Growing up in Sumy, Ukraine, Lloyd lived in an environment where once the Soviet Union was dissolved, the former Soviet republics proclaimed their independence and sought to reestablish their own national identities.

Before she was born, her mother's family had been thrown out in the streets by the Bolsheviks when her grandfather spoke out against the political ideology. For his rebellion, he was imprisoned in labor camps for 15 years.

Despite growing up under the watchful eyes of the Bolsheviks, Lloyd's parents went on to graduate from college and become university professors in the Ukraine. Lloyd herself went on to graduate from Sumy University with a bachelor's degree in teaching and later earned her master's degree in public administration from Bowie State College, Md. Today, she is a doctoral candidate at North Central University, Ariz.

With the collapse of the Soviet Union in 1991 and armed with a degree and a desire to explore
the world, Lloyd accepted an invitation to visit her sister in the Czech Republic.

"When the Soviet Union fell apart, the national borders became open to everybody," Lloyd said. "I was a young, freedom-seeking individual who was ready to explore the world."

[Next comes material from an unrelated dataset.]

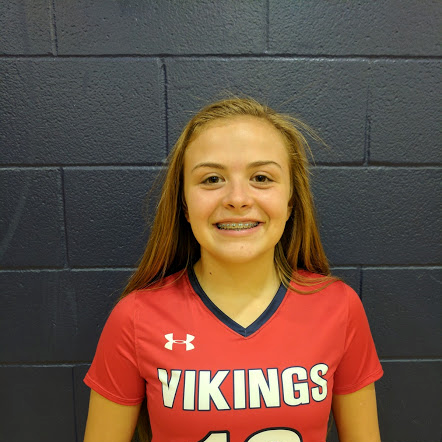 Mallory Cross mugshot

After several weeks into her visit, Lloyd decided she was ready to go home, but there was a catch.

"Little did I know that she bought me a one-way ticket," Lloyd said. "She said that I would have to figure out how to earn enough money to buy my own return ticket."

Three years later, Lloyd saved the money but had decided to remain in the Czech Republic, in part, because she had started her career as an assistant contract manager "By then, I had a good life and career in the Czech Republic so I decided to stay," said Lloyd, who is fluent in Russian, Czech, Ukrainian and English and is conversational in German.

Her life took a dramatic change in 1999 when she met and fell in love with an American Soldier traveling in the Czech Republic. After dating for about a year, Lloyd and the Soldier were married and she moved to Germany where her new husband was stationed. While stationed in Germany, Lloyd realized she had an opportunity to fulfill one of her life's dreams and talked it over with her husband.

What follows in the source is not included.